Friday, February 25, 2011

Heat in the depth of winter

What is going on in Wisconsin? The media are compressing the reasons for this conflict into an anti-union tinged fight to bring the much-reviled public employees to heel, and that is the view that the conservative right would like us to have.

But the conflict is actually a much wider one and fits the Republican ever present agenda of privatizing and, yes, union-busting. I have still to see any evidence that private enterprise is any more efficient or mindful of the public good than public bureaucracies. Corruption and inefficiency are evenly spread over human enterprise.

Under the noisy conflict of the Wisconsin governor and his employees, the disputed budget bill, 144 pages long, contains language that allows privatization of any public utility, and declares any such decision to be automatically labelled as “in the public good.” To reassure us, the Koch Brothers, lately so much in the limelight, have announced that they are not interested in acquiring any of those utilities. “The lady doth protest too much, methinks.”

Privatization of public property benefits private interests.

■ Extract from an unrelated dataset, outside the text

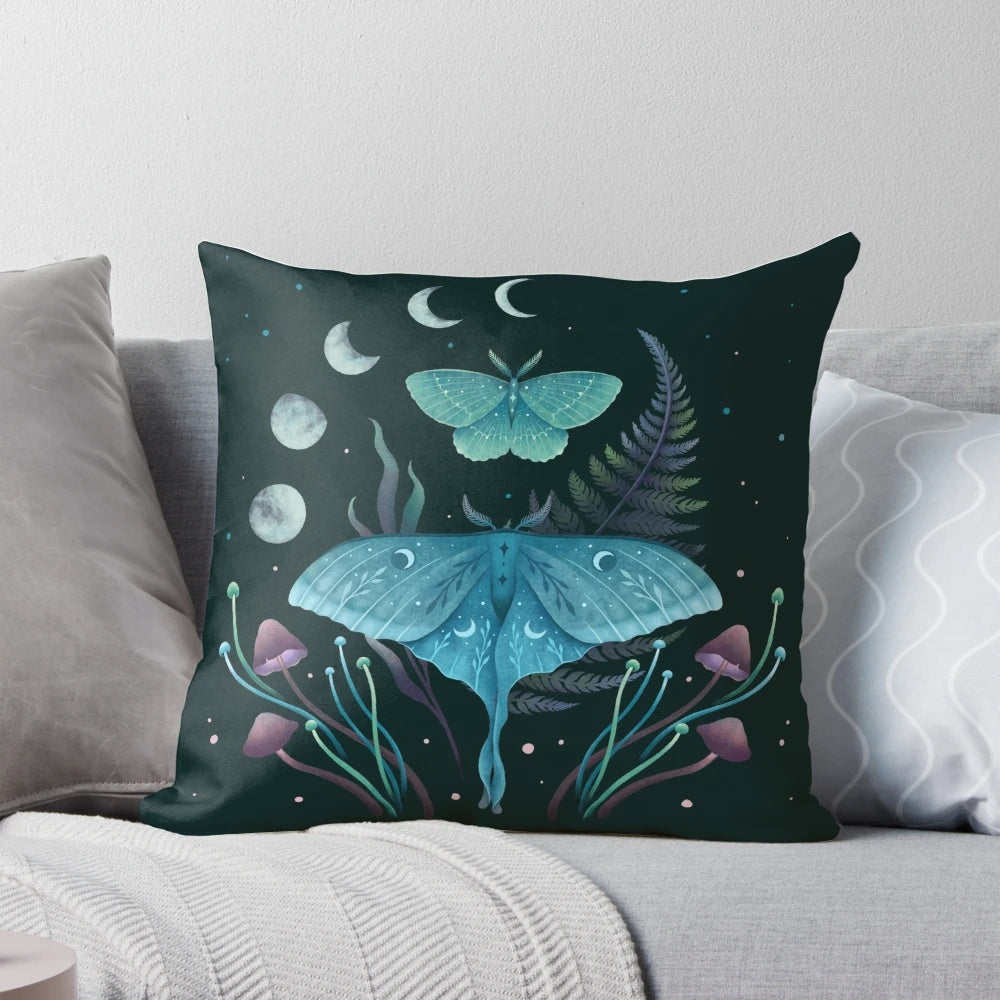 Pillow featuring illustrations of the luna moth and emerald moth in a moonlit garden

We have seen how Russia’s oligarchs rooted their huge fortunes in the deals that denationalized all of the State’s properties. At the very least such privatization can lead to cronyism and corruption on a grand scale.

And the one obstacle on this road are the few public employees that are exercising their legal rights to collective action to oppose this law. Which contains also language to delegitimize…...collective action. Under the cloak of freedom corporations are promoting the idea that each worker negotiate on her or his own, standing alone, confronting the corporate lawyers and human resource professionals. Each employee, ignorant of what his or her colleagues’ position is, will stand naked in the howling winds of corporatism.

Mind you that I am not against the corporate entities looking for their own profit and best interests. But I believe that, for the sake of a level playing field, the individual worker or employee, that is all and any of us, should be able to have access to shared resources to establish his or her best interests. That is what unionization is all about. And it must have worked, or how can we otherwise explain the unrelenting and ferocious attacks of the corporate right on them.

There is a space for groups of people banding together to profitably produce goods or services under the banner of corporations, and there is a similar space for the common man, the citizen, to band together and defend her or his rights as an individual.

The corporate world rightfully exists to promote the creation of wealth that did not exist before, within the laws democratically adopted in a representative democracy that delimit and define the proper territory of their activity. The government has a duty to preserve the balanced and equitable distribution of the common wealth among all citizens. But, as David Brooks points out in today’s New York Times, in this country this debate has yet to take place.